Als je om sportieve en financiële gezondheidsredenen dagelijks op de fiets naar school of kantoor moet, en weer terug, dan zweer je bij droog weer. De echte diehard heeft weliswaar altijd de regenboerka onder de snelbinders op de bagagedrager (zo stel ik me voor) maar dat neemt niet weg dat droog weer, weinig wind en een temperatuur van rond de twintig graden ideale omstandigheden opleveren voor een fietstocht die zonder al te veel inspanning kan uitdraaien op zeiknat worden, omwaaien en uitglijden op ijzel, ander ijs, of vastrijden in bergen sneeuw. Het ligt nog maar een maand of drie achter ons, en vers in het geheugen.
In hullie geheugen, moet ik snel zeggen, want men ziet mij sinds jaar en dag niet meer op de fiets – ook niet toen ik mij in het kader van de kostwinning nog dagelijks ergens op een kantoor moest melden, want toen werd ik geacht daar ook een automobiel mee te brengen, en het handigste was dan die automobiel ook te gebruiken om de afstand tussen huis en kantoor te overbruggen. Dat kwam dan meteen goed uit als het hoosde van de regen, stormde of sneeuwde of een combinatie van die omstandigheden. Op die manier kon je gewoon in je nette kantooroutfit arriveren, en zo voort, u weet waar ik heen wil.
Dus hoeft het geen betoog dat veel mensen dezer dagen vinden: goed zo, alweer droog weder, van mij mag het zo blijven. De daling van het grondwaterpeil, het vastlopen van het scheepvaartverkeer op de rivieren, de verdroging van de dijken, de verzilting van landbouwgronden, het dreigende tekort aan drinkwater, het optreden van bos- en heidebranden, dat alles maakt op d’n eenzame fietser weinig of geen indruk, stel ik me zo voor. En toen dus dezer dagen iemand in de Tweede Kamer een droogtedebat wilde houden las ik ergens: ‘WTF, een droogtedebat, hebben we niks beters te doen?’
Mijn eigen voornaamste relatie met het klimaat gaat via de tuin. En in eerste instantie kan ik het roerend eens zijn met de vorige spreker. Vooral dit voorjaar, het droogste sinds mensenheugenis (denk ik, als ik voor ‘mensenheugenis’ in de plaats denk ‘mijn heugenis’) is een feest voor de liefhebber van alles dat groeit en bloeit en altijd weer boeit.

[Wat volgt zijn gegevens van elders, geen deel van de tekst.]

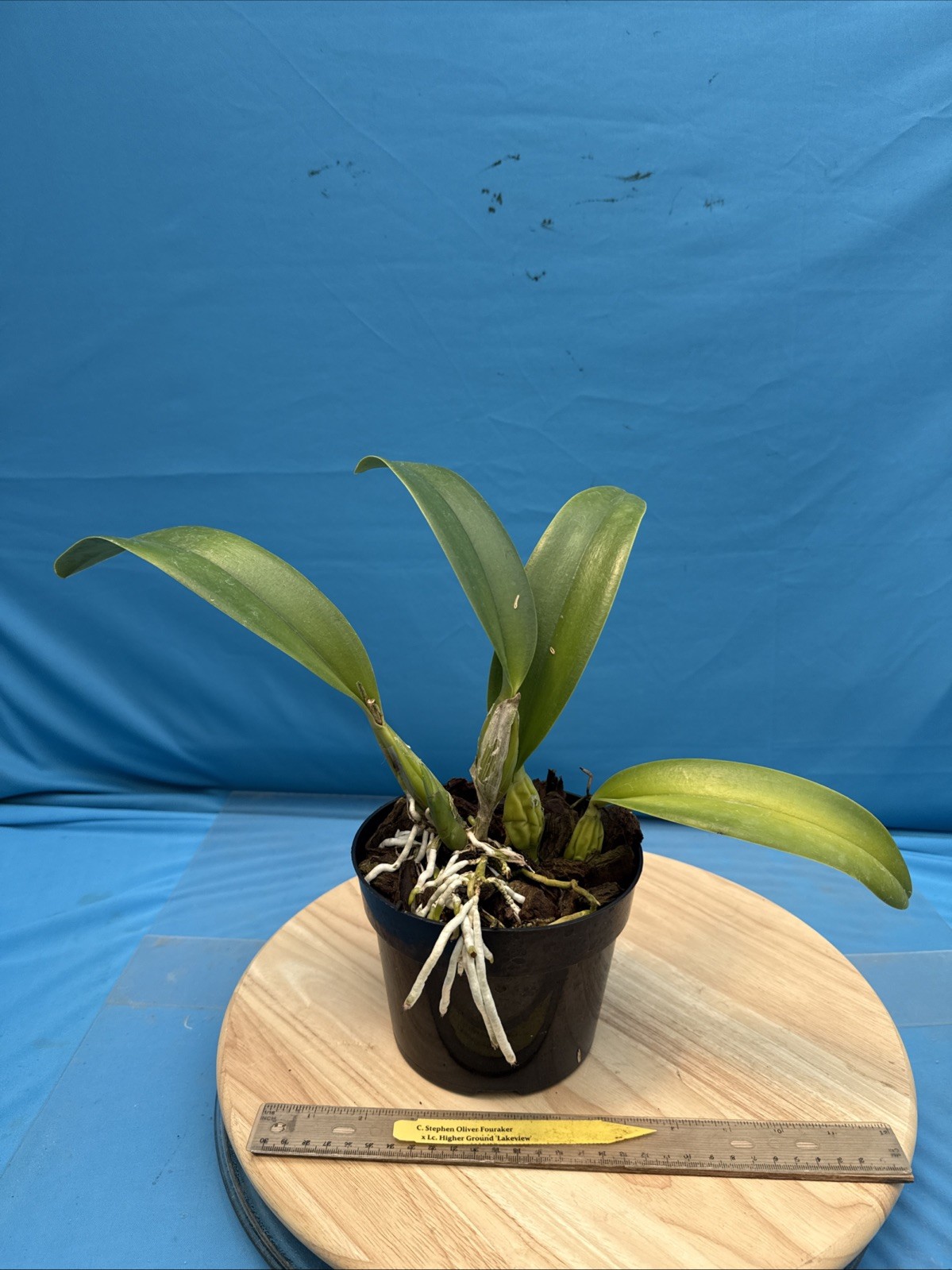 Cattleya Stephen Oliver X Lc Higher Ground Purple White Exact Orchid Eros 7” Pot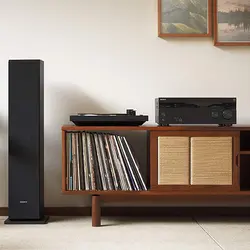 پخش کننده خانگی سونی مدل PS-LX310BT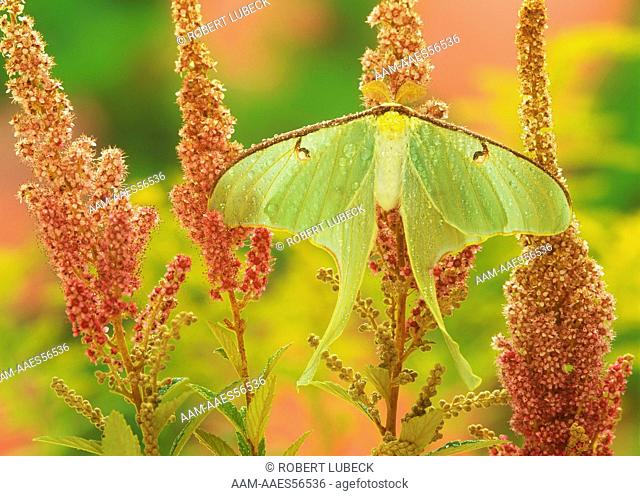 Luna Moth and Steeplebush (Actias luna), Summer, Adirondacks, New York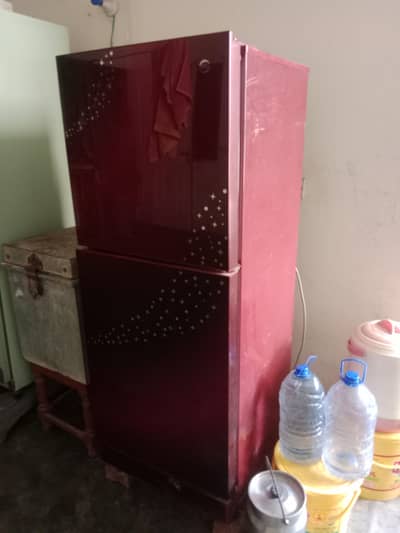Pell medium size frige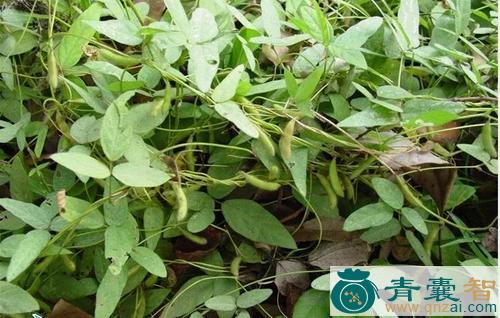 中药材野青豆图片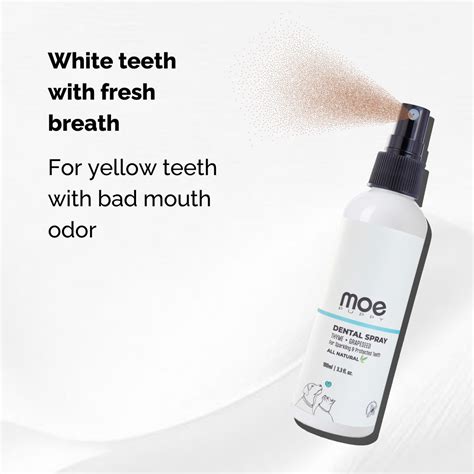 Moepuppy | Online Pet Care Products Store India | Shop Now! – Moe Puppy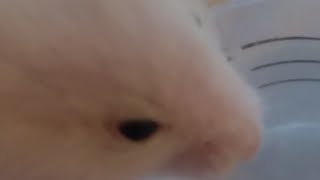 Flower Dragon Boss Transfur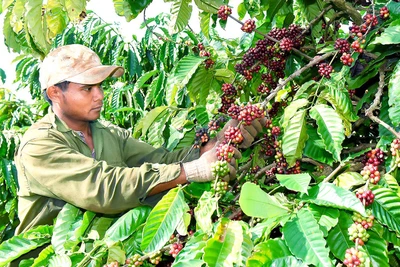 Mùa thu hoạch cà phê ở Gia Lai: Năng suất giảm, giá nhân công tăng cao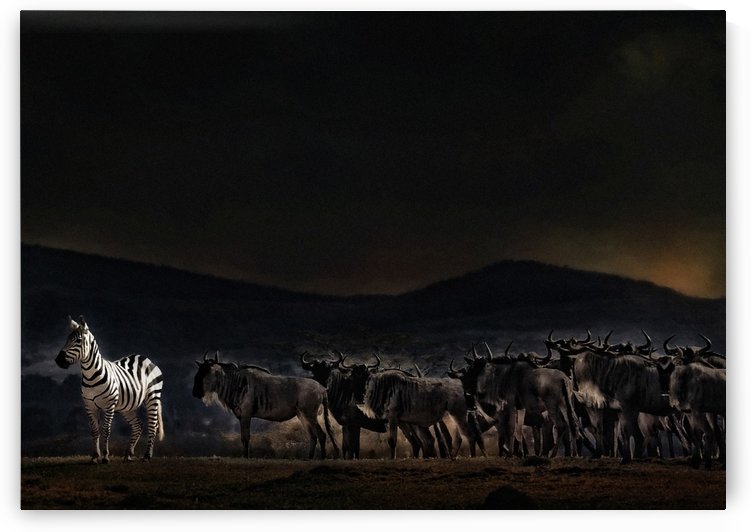 an evening in Kenya by 1x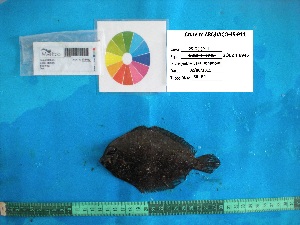  ( - SOL2_1_6946)  @12 [ ] Unspecified (default): All Rights Reserved  Unspecified Unspecified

Weliswaar moet ik dagelijks tweehonderdvijftig, driehonderd liter kostbaar drinkwater op diverse plaatsen in de tuin verspreiden, maar daar staat tegenover een ongekend rijke bloei en absoluut geen verwaaiing of verregening van de flora.
Maar ik houd mezelf dus toch voor de gek. Want uit ervaring weet ik: je kunt sproeien en gieten wat je wilt, er gaat voor de tuin niets boven een hele nacht dichte motregen bij een graad of achttien. Leidingwater is te koud voor potplanten, leidingwater spoelt de mineralen uit de aarde en met leidingwater is het onmogelijk de tuin voldoende te doordrenken. Dat zie je aan oppervlakkig wortelende planten die inmiddels een zieltogend bestaan leiden. Ik heb al een rij oerhollandse populieren gezien die moedeloos het nog zeer recente blad laten vallen.
Nog iets: de zomer begint volgende week woensdag en nu al is tachtig procent van de bloeiende planten in de tuin uitgebloeid – vorig jaar duurde het tot half of eind juni voor de zomerse verdorring intrad.
Dus: het moet regenen, gewoon, een paar dagen achter elkaar. Een weekje, tien dagen, bijvoorbeeld.
Jammer voor de fietsers. Die maar moeten denken: was het maar droog, maar nat is avontuurlijker. Dichter bij de natuur. Nader tot u.
_______
Op de foto: nooit eerder bloeiden de margrieten op het terras zo weelderig.